I’m going to go out on a limb and make a bold statement:  testing software is hard.  Okay, not that bold of a statement since we all know that.  No matter what language or platform, software has to be tested thoroughly.  Whether you’re delivering a product to a small company or trying to be the next Twitter, lack of good testing will cost you.  That cost might be disguised as time or customers, but at the end of the day, the cost hits someone’s bank account.

As Architects and Engineers, we solve problems.  Over the years, we’ve made great strides in solving the difficulty that is testing our software.  We have frameworks that allow us to more easily mock methods for unit testing.  We have in memory databases for integration tests.  We even have browser automation tools that make functional testing fun again.

What do all these testing methods need?  Test data.  Test Data Generation is the means by which some form of data is generated automatically by a system so that all of our tests have something to assert against.  Unfortunately, this concept is lost on most software shops.  Some of us are populating excel files with sheet after sheet of data to be read in by our tests.  Some of us are taking snapshots of the production database, hopefully scrubbing it of sensitive data, and loading it into a test database.   Talk to 5 different Software Engineers and you’ll get 5 different methods by which they get test data.  And for the most part, all these methods are flawed.
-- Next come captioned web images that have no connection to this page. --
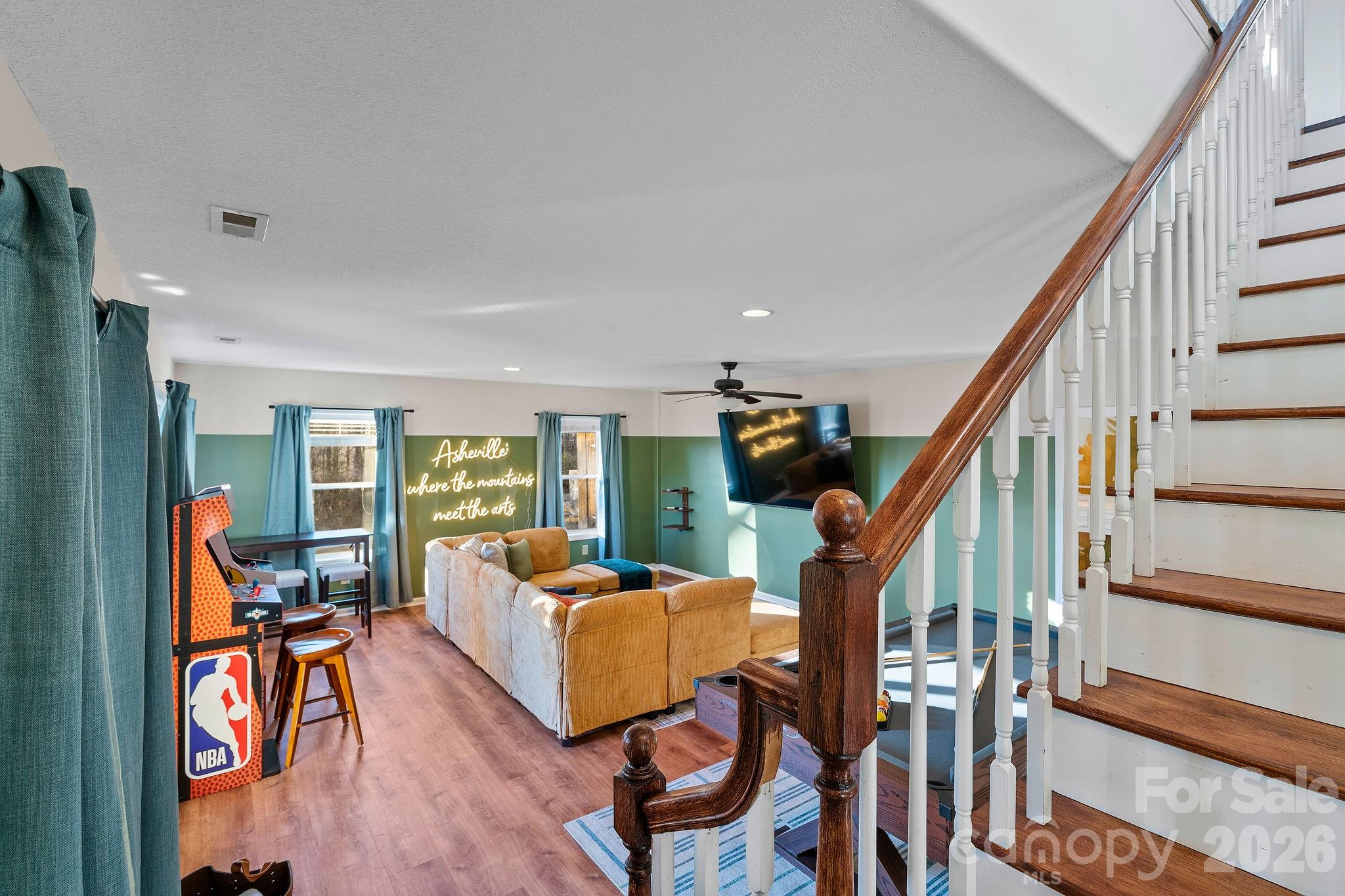36 Wineberry Lane — Asheville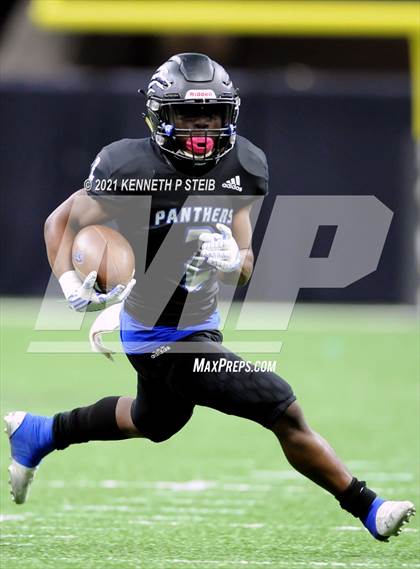Thumbnail 1 in Sterlington vs. Union Parish (LHSAA 3A Final)  photogallery.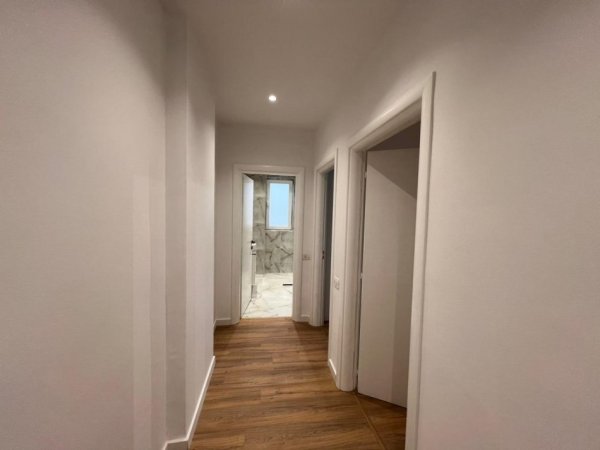 Tirane, jepet me qera apartament 3+1+Ballkon Kati 7, 140 m² 1.200 € (Tefta tashko koco)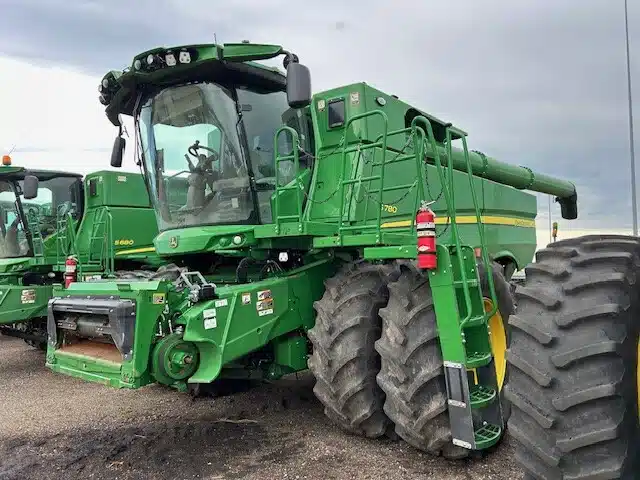 Gallery image 1 for Used 2023 John Deere S780 Combine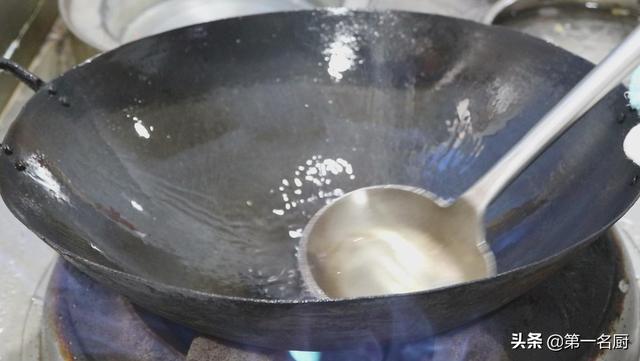 家常洋葱炒鸡蛋的做法（洋葱炒鸡蛋怎样做才好吃窍门）(9)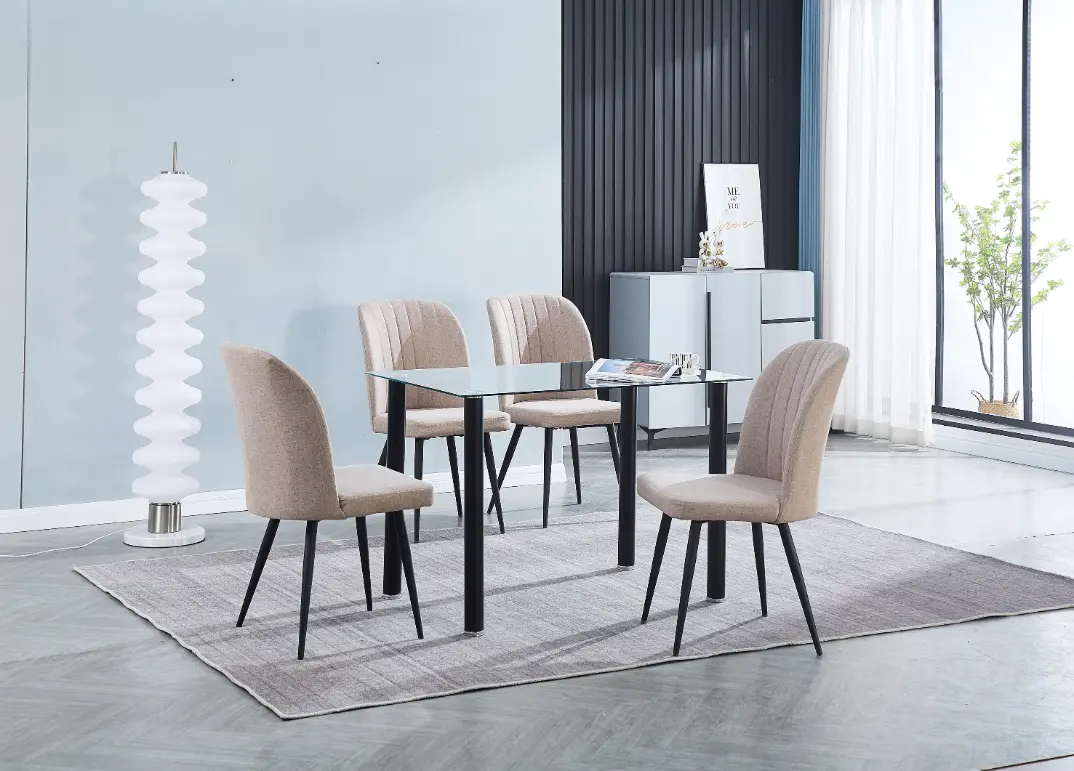 conjunto-mesa-yuri-4-sillas-rory-beig Sillas Rory tapizadas en beig con patas negras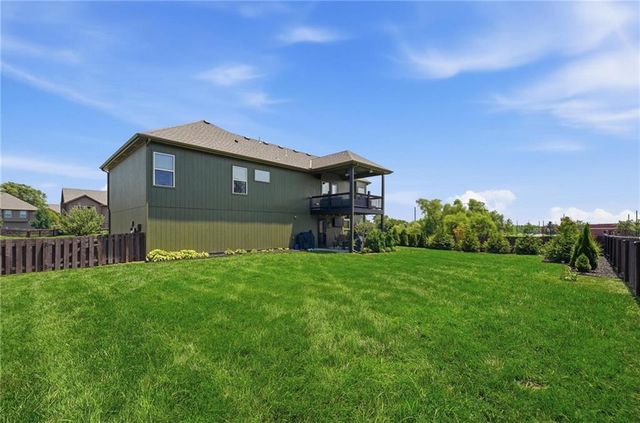10802 N Oakland Avenue, Kansas City, MO 64157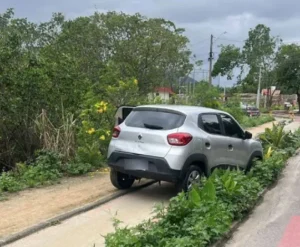 Homem é preso após fuga em manguezal em Niterói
Here are 5 questions to ask yourself about your test data:

  • Does my test data take up gigabytes of space when unused?
  • Does my test data become stale when the rules change?
  • Do I write foreach loops and conditional statements to create my test data?
  • Am I the only one with access to the test data?
  • Do product releases create havoc for my test data?


Test Data Generation is most often an afterthought when it comes to testing.  Test data is just as important as any assertion in your test.  Without the proper test data, what are you testing?  If you answered yes to any of the questions above you should consider evaluating how you’re generating your test data.